───── Material provided ─────
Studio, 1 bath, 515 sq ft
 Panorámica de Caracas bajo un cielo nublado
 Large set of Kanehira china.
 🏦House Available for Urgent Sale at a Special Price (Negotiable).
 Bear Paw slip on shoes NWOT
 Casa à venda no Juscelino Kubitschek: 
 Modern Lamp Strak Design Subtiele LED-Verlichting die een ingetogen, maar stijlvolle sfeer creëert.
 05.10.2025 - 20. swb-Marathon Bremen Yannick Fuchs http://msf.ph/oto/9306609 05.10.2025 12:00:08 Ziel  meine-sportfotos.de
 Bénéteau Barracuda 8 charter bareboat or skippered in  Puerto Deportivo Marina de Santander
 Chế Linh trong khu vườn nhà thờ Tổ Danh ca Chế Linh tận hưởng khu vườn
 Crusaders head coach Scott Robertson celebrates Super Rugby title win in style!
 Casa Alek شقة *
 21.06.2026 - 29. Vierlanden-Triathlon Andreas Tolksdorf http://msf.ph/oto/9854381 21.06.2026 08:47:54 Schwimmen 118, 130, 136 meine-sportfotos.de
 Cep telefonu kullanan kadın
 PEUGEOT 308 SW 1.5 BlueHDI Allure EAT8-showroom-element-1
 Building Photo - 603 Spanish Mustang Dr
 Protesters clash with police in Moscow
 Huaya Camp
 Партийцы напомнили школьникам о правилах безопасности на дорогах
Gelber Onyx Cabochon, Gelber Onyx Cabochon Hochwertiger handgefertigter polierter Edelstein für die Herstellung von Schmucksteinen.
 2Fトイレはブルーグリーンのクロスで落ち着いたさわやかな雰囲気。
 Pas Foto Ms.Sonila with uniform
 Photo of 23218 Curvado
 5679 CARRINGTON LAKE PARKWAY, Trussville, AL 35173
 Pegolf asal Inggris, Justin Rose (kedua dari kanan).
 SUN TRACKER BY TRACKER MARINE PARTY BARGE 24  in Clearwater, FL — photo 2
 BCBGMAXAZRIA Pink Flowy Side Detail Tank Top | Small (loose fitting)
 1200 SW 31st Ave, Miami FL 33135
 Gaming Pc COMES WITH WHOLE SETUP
─────
Instructions to follow ▸
Repeat exactly, and only, the lines of the records above, starting with the line that contains "Gelber Onyx Cabochon, Gelber" and ending with the final line, both included.

Reply ▸
Gelber Onyx Cabochon, Gelber Onyx Cabochon Hochwertiger handgefertigter polierter Edelstein für die Herstellung von Schmucksteinen.
 2Fトイレはブルーグリーンのクロスで落ち着いたさわやかな雰囲気。
 Pas Foto Ms.Sonila with uniform
 Photo of 23218 Curvado
 5679 CARRINGTON LAKE PARKWAY, Trussville, AL 35173
 Pegolf asal Inggris, Justin Rose (kedua dari kanan).
 SUN TRACKER BY TRACKER MARINE PARTY BARGE 24  in Clearwater, FL — photo 2
 BCBGMAXAZRIA Pink Flowy Side Detail Tank Top | Small (loose fitting)
 1200 SW 31st Ave, Miami FL 33135
 Gaming Pc COMES WITH WHOLE SETUP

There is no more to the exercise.